$12.4 billion Scandal: Jonathan set to probe Babangida at last
After years of prevarication by several governments, the chicken might be coming home to roost for Ibrahim Babangida. NEXT gathered in Abuja, the seat of power, last night, that the Federal Government has raised a committee to probe the eight-year military government of Mr. Babangida.
The former military president is alleged to have mismanaged over $12.4 billion that accrued from crude oil sales during the Gulf War.
The Attorney-General of the Federation and Minister of Justice, Mohammed Bello Adoke (SAN), told our correspondent in a telephone conversation that the committee is chaired by the Solicitor-General of the Federation and Permanent Secretary in the Federal Ministry of Justice, Abdulahi Yola.
Although the committee has been charged to work expeditiously to meet the huge expectations of the citizens, it was learnt that it has no deadline, however.
Mr. Adoke's revelation came on the trail of renewed actions being made to push for the enforcement of zoning as a political means of picking the presidential candidate of the Peoples' Democratic Party (PDP) from the north in 2011 by a 48-man team inaugurated on Sunday at a meeting held by the Northern Elders' Forum.
One of the people who was nominated into the group of eminent personalities and who could be the key beneficiary of a successful rapprochement is Mr. Babangida, a retired General seeking to reclaim power in 2011, after “stepping aside” on August 27, 1993.

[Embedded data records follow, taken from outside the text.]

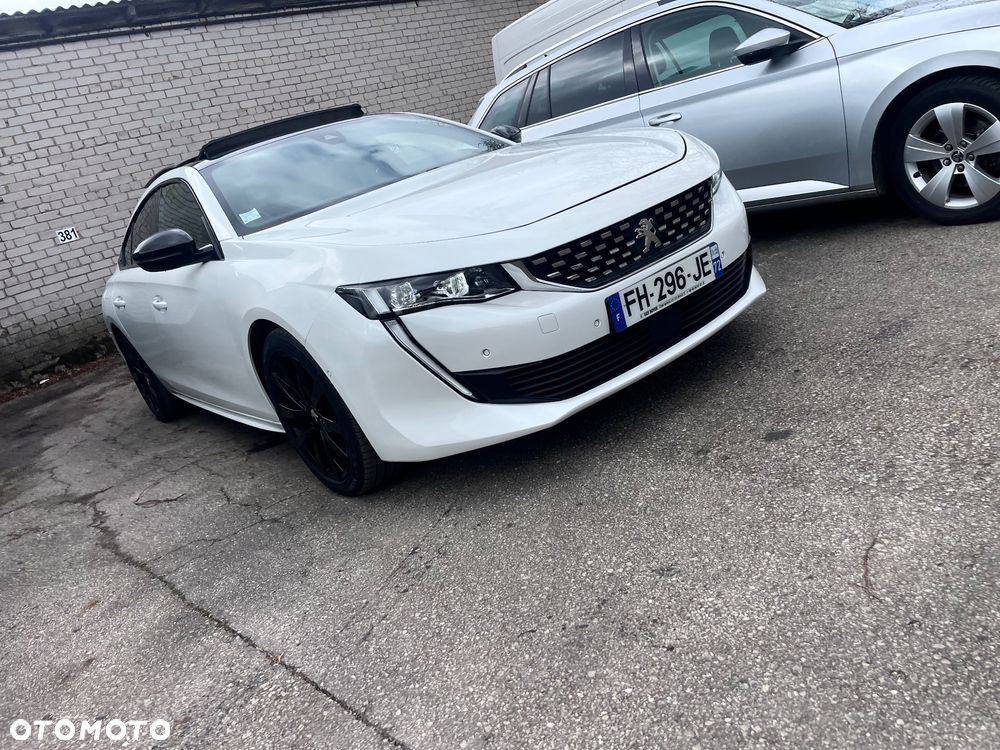 Peugeot 508 2.0 BlueHDi GT S&S - 8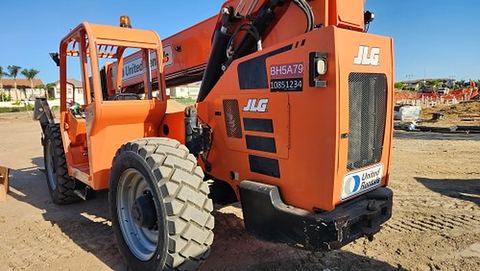 2018 SKYTRAK 10054 Forklift Variable Reach 10000# 50'-62'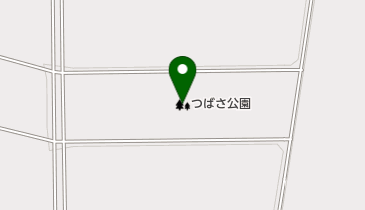 つばさ公園の地図画像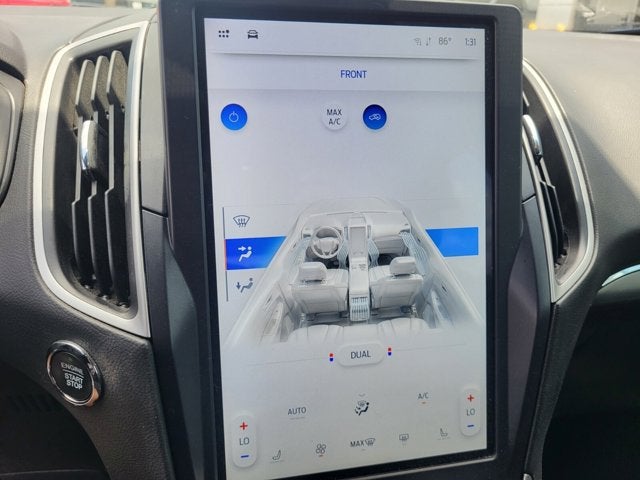 2022 Ford Edge ST-Line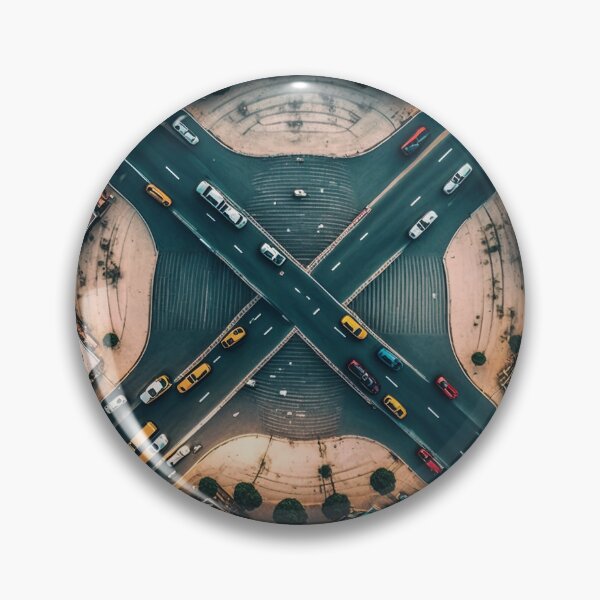 Item preview, Crossroads From The Sky designed and sold by TylerBurst.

Mr. Adoke says: “The committee on Okigbo report has been constituted. The committee's work will begin properly as soon as the Solicitor-General of the Federation, who is the chairman of the committee, and who, right now, is away on an official assignment outside the country, returns.
“The committee will begin the process of its work by first authenticating the copy of the report we received. Once that is done, it will go ahead to review all the allegations and recommendations in the report, with a view to advising the Federal Government on the next line of action.”
The Justice Minister declined to authorise his Media Assistant or the Ministry's Chief Press Secretary to release the names of the other members of the committee.
“The work of the committee is a very sensitive one. So, it is not right for me at this stage to reveal or authorise any of my aides to disclose the names of the other members for the simple reason that they could be exposed to high level of risks, influence peddling, following a public knowledge, and the possibility of tampering with the document and result,” Mr. Adoke added.
With the inauguration of the committee, the Justice Minister has fulfilled his promise to set up a committee that will determine the authenticity of the Pius Okigbo Panel report, and review the allegations and recommendations, with a view to ascertaining whether the allegations can sustain a criminal charge against Mr. Babangida.
Mr. Adoke had on May 12 acknowledged the receipt of the certified true copy of the report a group of civil society organisations (CSOs) sent to him.
A coalition of CSOs on May 5, 2010, fulfilled its promise to dust and produce the certified true copy (CTC) of Okigbo Panel Report accusing Mr. Babangida of embezzling $12.4 billion, after Mr. Adoke requested for the original copy that was alleged by the government of former president Olusegun Obasanjo to be missing.